Cellectis seeks US FDA nod to begin phase 1 trial of TALEN gene-edited product candidate, UCART22 to treat B-ALL
Cellectis, a clinical-stage biopharmaceutical company, has submitted an Investigational New Drug (IND) application to the US Food and Drug Administration (FDA) requesting approval to initiate a phase 1 clinical trial for UCART22, Cellectis’ second wholly controlled TALEN gene-edited product candidate, for the treatment of B-cell acute lymphoblastic leukemia (B-ALL) in adult patients.
Pending regulatory clearance, Cellectis plans to initiate a phase I clinical trial in the third quarter of 2018. The clinical research will be led by Dr. Nitin Jain, Assistant Professor, and Prof. Hagop Kantarjian, Chairman in the Department of Leukemia and University Chair in Cancer Medicine at The University of Texas MD Anderson Cancer Center in Houston.

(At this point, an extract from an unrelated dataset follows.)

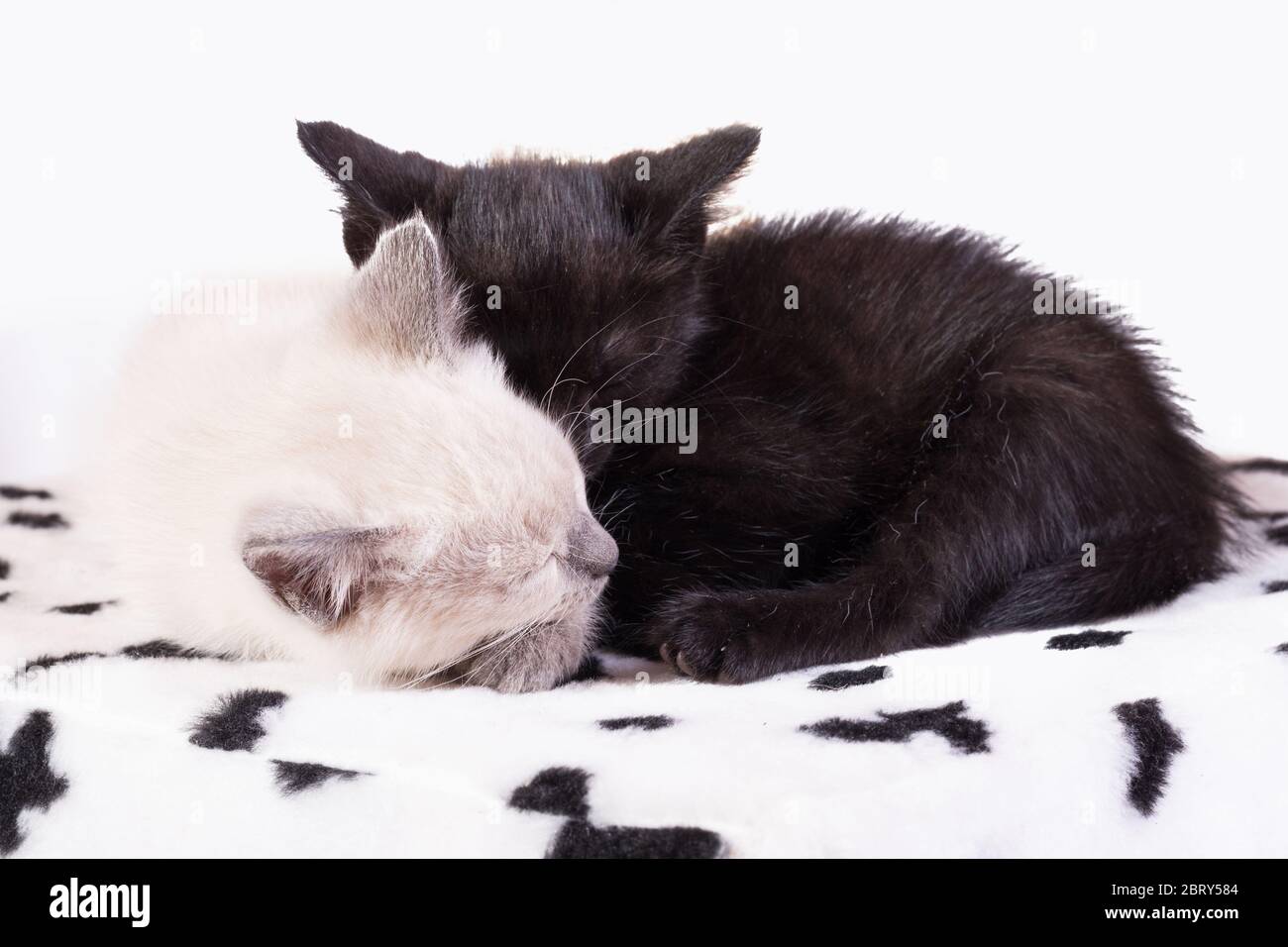 Zwei Kätzchen schlafen fest, zusammengedrängt. Stockfoto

“This IND application for UCART22 is an important regulatory milestone for the Company,” said Stephan Reynier, chief regulatory and compliance officer, Cellectis. “The first ever FDA approval for a CAR T-cell therapy, directed against CD19, for pediatric and young patients with R/R B-ALL occurred in 2017. However, further CART approaches are needed, as some limitations of the CD19-CART treatment appear to be due to the expansion of CD19-negative leukemia clones. The UCART22 product candidate will be evaluated in relapsed or refractory CD22 B-ALL, including relapses after CD19 CAR-T administration.”
Acute lymphoblastic leukemia (ALL) is a rapidly progressing form of leukemia that is characterized by the presence of a large number of immature white blood cells in the blood and bone marrow. In 2016, an estimated 6,590 new cases were diagnosed in the US, with over 1,400 deaths due to ALL. Approximately 85 per cent of ALL cases involve precursor B-cells (B-ALL).

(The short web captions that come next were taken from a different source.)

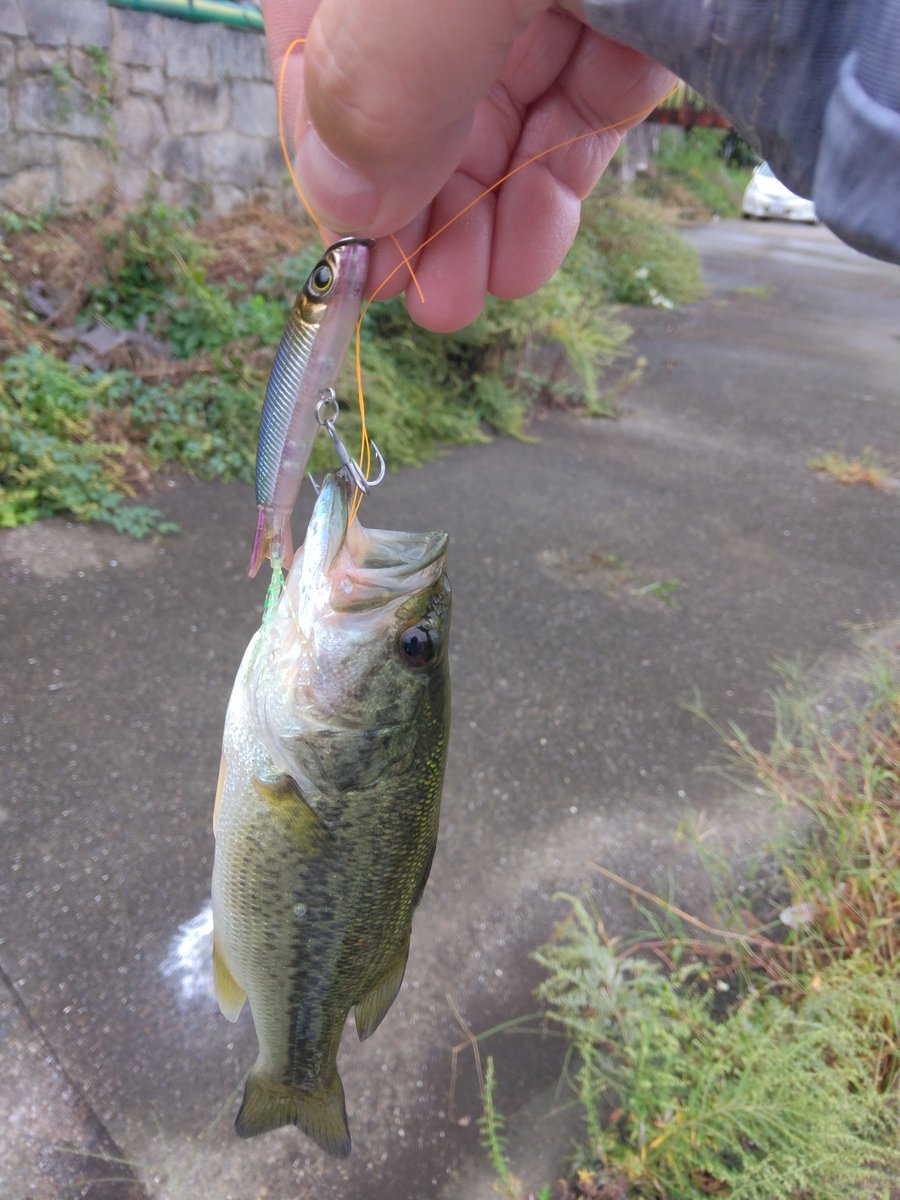 BasshunterLeo2's tweet photo. #BUTZbassfishing
#バス釣り
#BUTZオンラインバス釣り
#KAESU
#Risso

KAESUさんのRissoいきなりｷﾀ━━━━(*ÒωÓ*)━━━━!! https://t.co/bSagCqaLxg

UCART22 is an allogeneic, off-the-shelf gene-edited T-cell product candidate designed for the treatment of B-ALL. Like CD19, CD22 is a cell surface antigen expressed from the pre B-cell stage of development through mature B-cells and CD22 expression occurs in more than 90 percent of patients with B-ALL.
“Given the high unmet medical need for patients who suffer from B-ALL, filing the IND is the first vital step to potentially creating a treatment to be manufactured on an industrial scale, allowing these patients to get the help that they need much faster,” added Prof. Stéphane Depil, senior vice president research & development and chief medical officer. “We are dedicated to making this a reality as soon as possible and look forward to hitting the ground running with the clinical trial once we obtain regulatory clearance.”
The manufacturing process of Cellectis’ allogeneic CAR T-cell product line, Universal CARTs or UCARTs, yields frozen, off-the-shelf, non-alloreactive engineered CAR T-cells. UCARTs are meant to be readily available CAR T-cells for a large patient population. Their production is industrialized with defined pharmaceutical release criteria.